* EXERCISE INPUTS
═══

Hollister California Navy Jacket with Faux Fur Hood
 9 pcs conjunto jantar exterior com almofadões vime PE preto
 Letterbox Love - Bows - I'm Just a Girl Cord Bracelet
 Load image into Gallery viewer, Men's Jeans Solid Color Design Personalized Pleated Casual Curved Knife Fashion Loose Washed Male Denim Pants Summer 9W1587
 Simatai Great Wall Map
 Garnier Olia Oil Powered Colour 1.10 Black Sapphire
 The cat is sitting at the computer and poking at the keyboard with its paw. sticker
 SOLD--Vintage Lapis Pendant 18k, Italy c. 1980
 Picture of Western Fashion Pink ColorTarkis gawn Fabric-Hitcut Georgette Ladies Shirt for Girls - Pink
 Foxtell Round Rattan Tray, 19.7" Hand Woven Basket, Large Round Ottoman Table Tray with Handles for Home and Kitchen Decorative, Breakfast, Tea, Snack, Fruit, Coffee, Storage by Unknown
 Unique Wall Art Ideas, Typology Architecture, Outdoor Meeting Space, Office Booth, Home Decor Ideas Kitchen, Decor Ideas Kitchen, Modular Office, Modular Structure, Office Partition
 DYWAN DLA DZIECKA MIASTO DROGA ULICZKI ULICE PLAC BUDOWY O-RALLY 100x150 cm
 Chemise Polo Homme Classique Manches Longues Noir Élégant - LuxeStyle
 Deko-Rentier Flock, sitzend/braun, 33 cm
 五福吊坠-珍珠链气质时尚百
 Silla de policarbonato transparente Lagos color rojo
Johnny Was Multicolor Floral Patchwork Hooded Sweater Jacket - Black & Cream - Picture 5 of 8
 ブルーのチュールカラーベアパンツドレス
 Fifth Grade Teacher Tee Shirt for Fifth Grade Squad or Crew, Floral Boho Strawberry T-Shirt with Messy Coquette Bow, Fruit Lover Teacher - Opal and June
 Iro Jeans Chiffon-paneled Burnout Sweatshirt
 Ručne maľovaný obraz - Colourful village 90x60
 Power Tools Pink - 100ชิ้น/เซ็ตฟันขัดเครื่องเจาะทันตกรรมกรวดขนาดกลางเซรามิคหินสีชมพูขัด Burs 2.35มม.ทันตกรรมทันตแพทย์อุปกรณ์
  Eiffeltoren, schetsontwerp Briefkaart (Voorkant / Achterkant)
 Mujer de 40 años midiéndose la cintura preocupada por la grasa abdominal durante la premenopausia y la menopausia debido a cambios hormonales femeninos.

═══

* YOUR OBJECTIVE
Keep only the lines of the listing that contain the word "Fruit", and copy them.

* PROBLEM SOLUTION
 Foxtell Round Rattan Tray, 19.7" Hand Woven Basket, Large Round Ottoman Table Tray with Handles for Home and Kitchen Decorative, Breakfast, Tea, Snack, Fruit, Coffee, Storage by Unknown
 Fifth Grade Teacher Tee Shirt for Fifth Grade Squad or Crew, Floral Boho Strawberry T-Shirt with Messy Coquette Bow, Fruit Lover Teacher - Opal and June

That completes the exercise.